* [Information given]
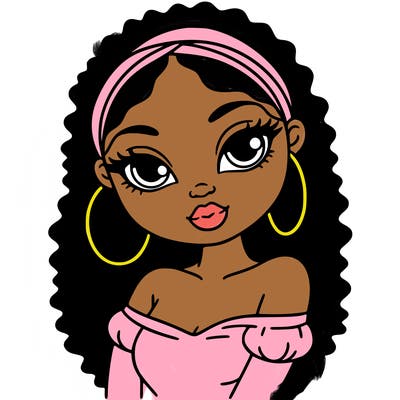 pretty black girl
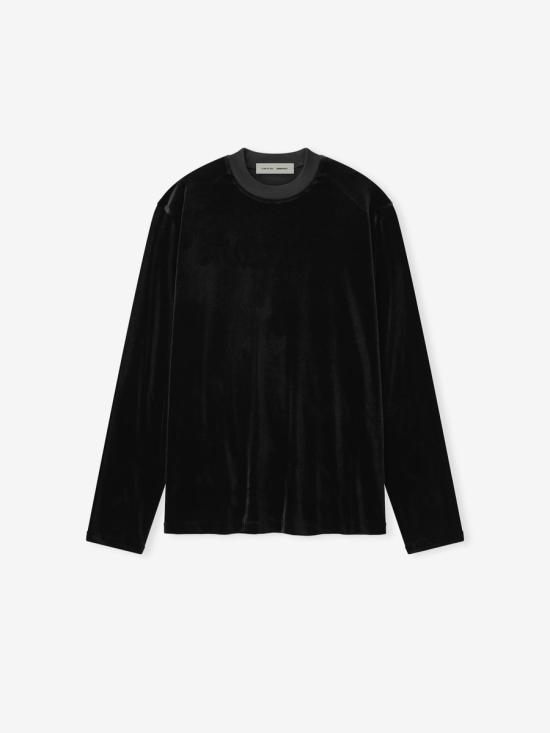 26SS 피어오브갓 긴팔 티셔츠 192HO257911FW VINTAGE BLACK DOM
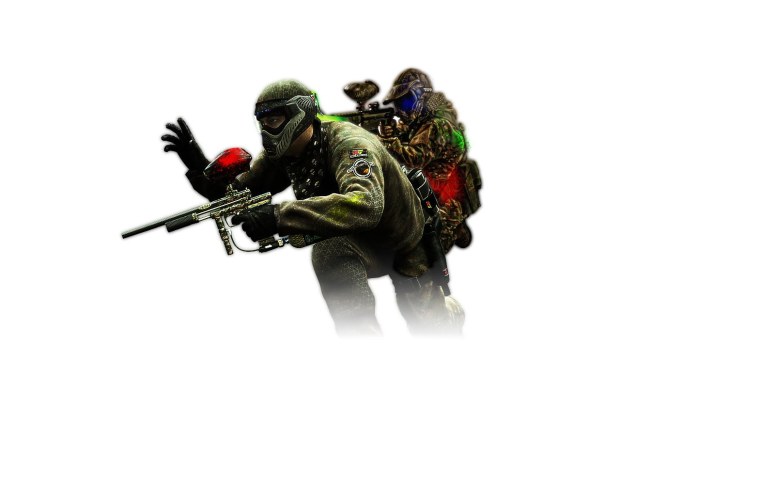 Пейнтбол абстракция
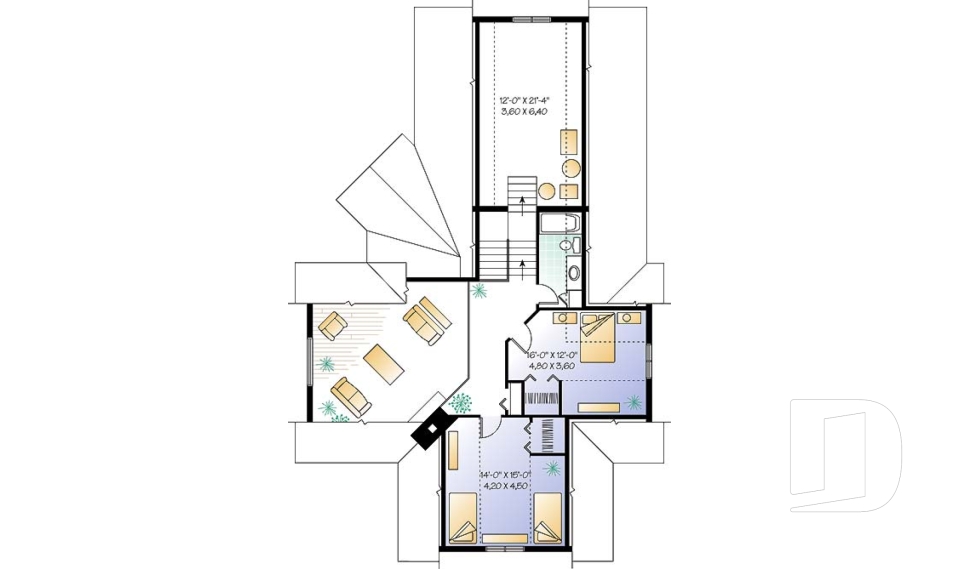 Étage -  - Orléans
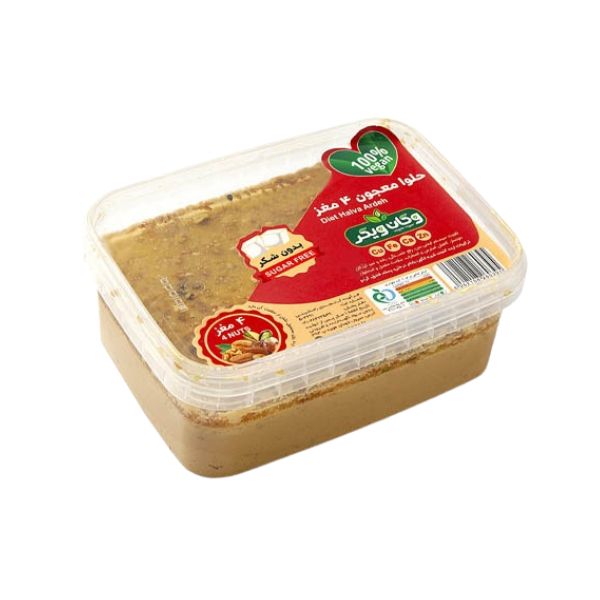 حلوا معجون 4 مغز |300 گرمی حلوا معجون 4 مغز |300 گرمی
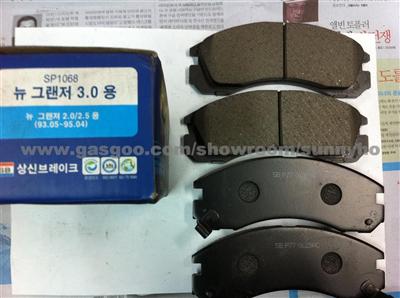 Brake Pad for New Grendeur 3. 0(hyundai Car)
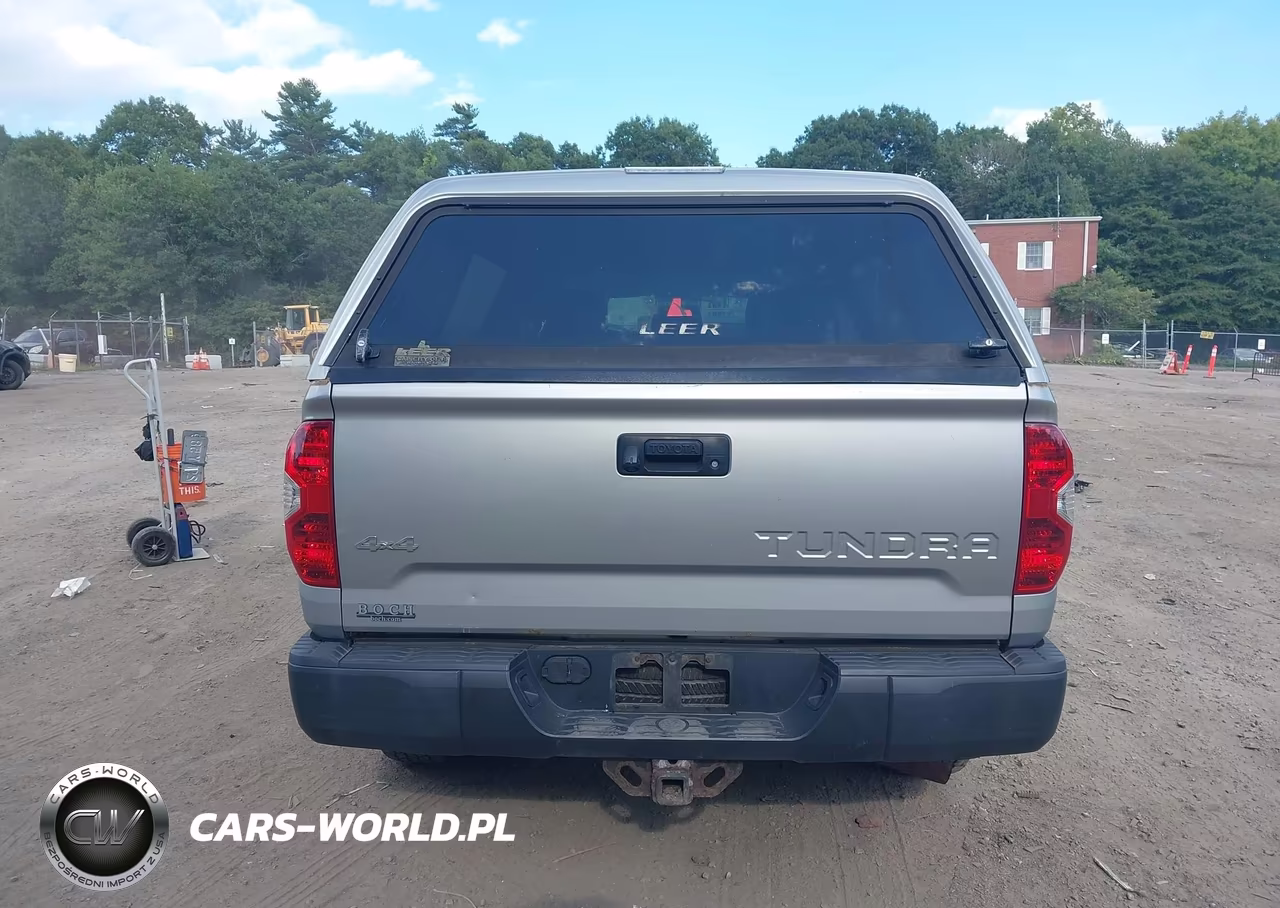 2015 Toyota Tundra Sr 4.6L V8 VIN:5TFUM5F18FX059204 - 16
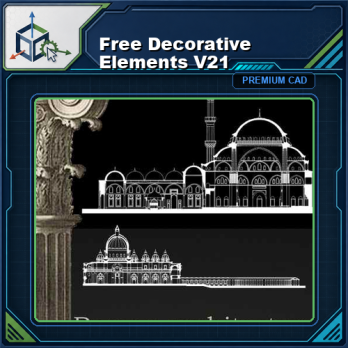 Free Decorative Elements V21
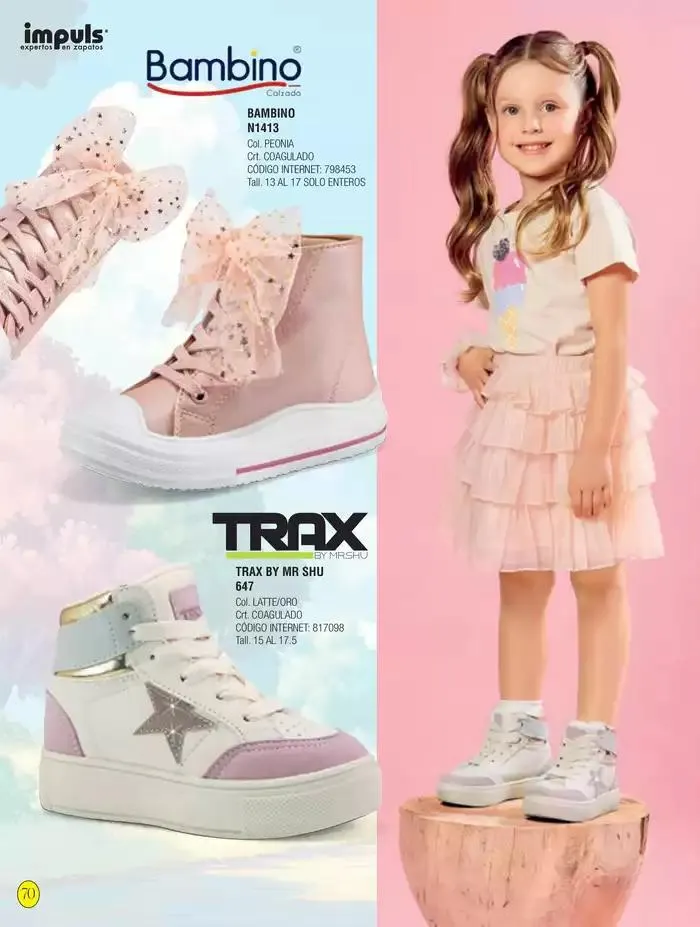 Catálogo de Primavera-Verano Niña 2025 6 de enero al 30 de junio 2025 - Pagina 72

* [What is expected] Repeat the material above verbatim, with no pictures in the output.

* [Answer below]
 pretty black girl
 26SS 피어오브갓 긴팔 티셔츠 192HO257911FW VINTAGE BLACK DOM
 Пейнтбол абстракция
 Étage -  - Orléans
 حلوا معجون 4 مغز |300 گرمی حلوا معجون 4 مغز |300 گرمی
 Brake Pad for New Grendeur 3. 0(hyundai Car)
 2015 Toyota Tundra Sr 4.6L V8 VIN:5TFUM5F18FX059204 - 16
 Free Decorative Elements V21
 Catálogo de Primavera-Verano Niña 2025 6 de enero al 30 de junio 2025 - Pagina 72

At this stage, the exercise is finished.